* **AIM OF THE EXERCISE**:
Without the pictures, repeat the listing character for character.

(DATASET CONTENT)

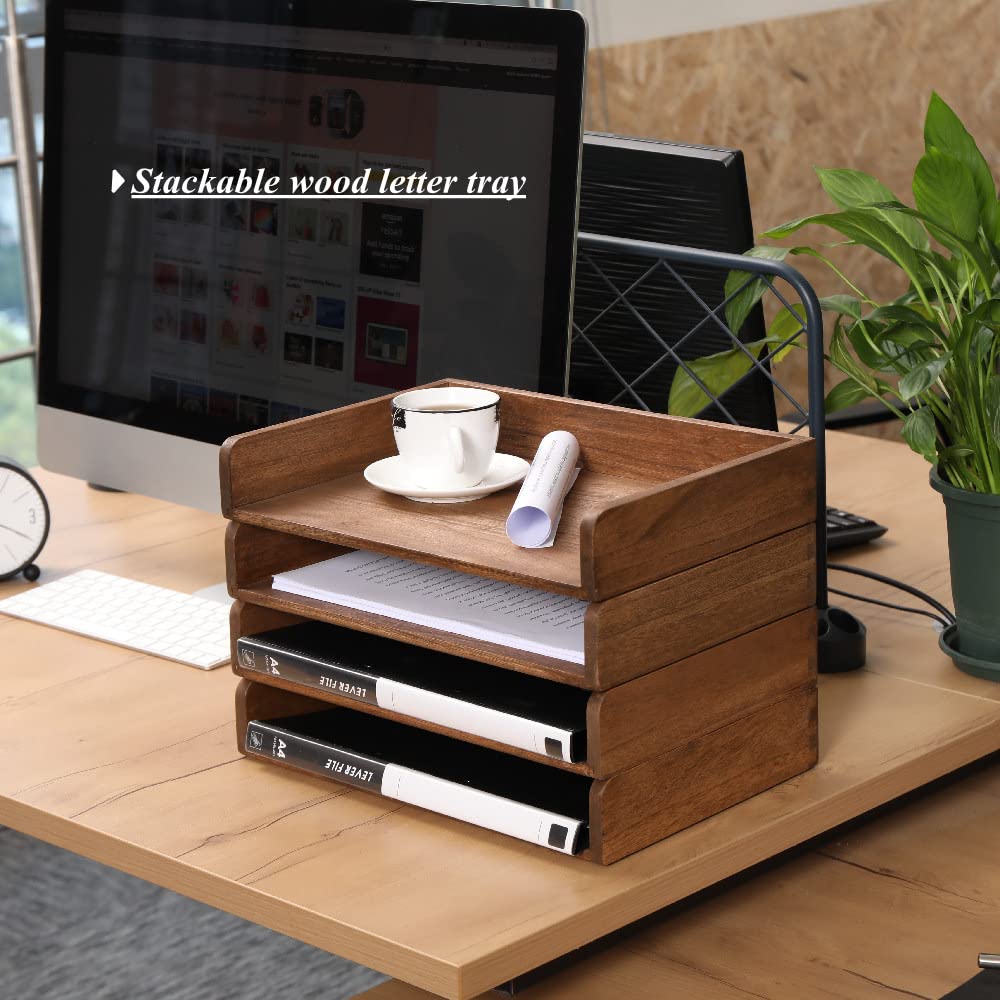 DDYURI Desktop File Trays Stackable Paper Tray for Letter/A4 Size Magazine - Wood Office Document Organizer Shelf - Wooden Folder Organization Rack Desk Tray Pack of 2 Dark(2CTP-DK)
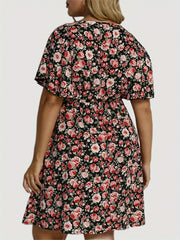  Floral Print Flutter Sleeve Dress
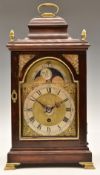 Late 18thC mahogany bracket clock with verge escapement, moon phase and alarm functions, the case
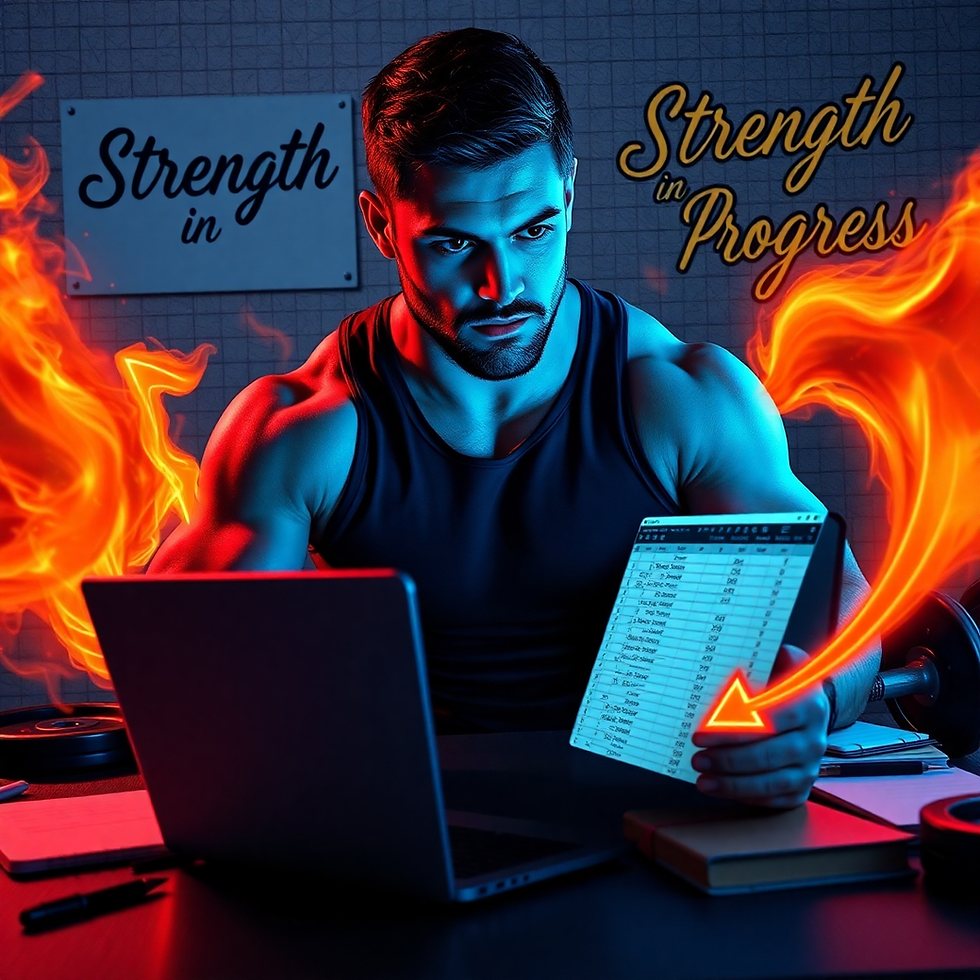Man in black tank top at a desk with a laptop, holding a tablet displaying data. Flaming graphics surround him. Text: Strength in Progress.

(End DATASET CONTENT)

* **EXPECTED ANSWER**:
 DDYURI Desktop File Trays Stackable Paper Tray for Letter/A4 Size Magazine - Wood Office Document Organizer Shelf - Wooden Folder Organization Rack Desk Tray Pack of 2 Dark(2CTP-DK)
  Floral Print Flutter Sleeve Dress
 Late 18thC mahogany bracket clock with verge escapement, moon phase and alarm functions, the case
Man in black tank top at a desk with a laptop, holding a tablet displaying data. Flaming graphics surround him. Text: Strength in Progress.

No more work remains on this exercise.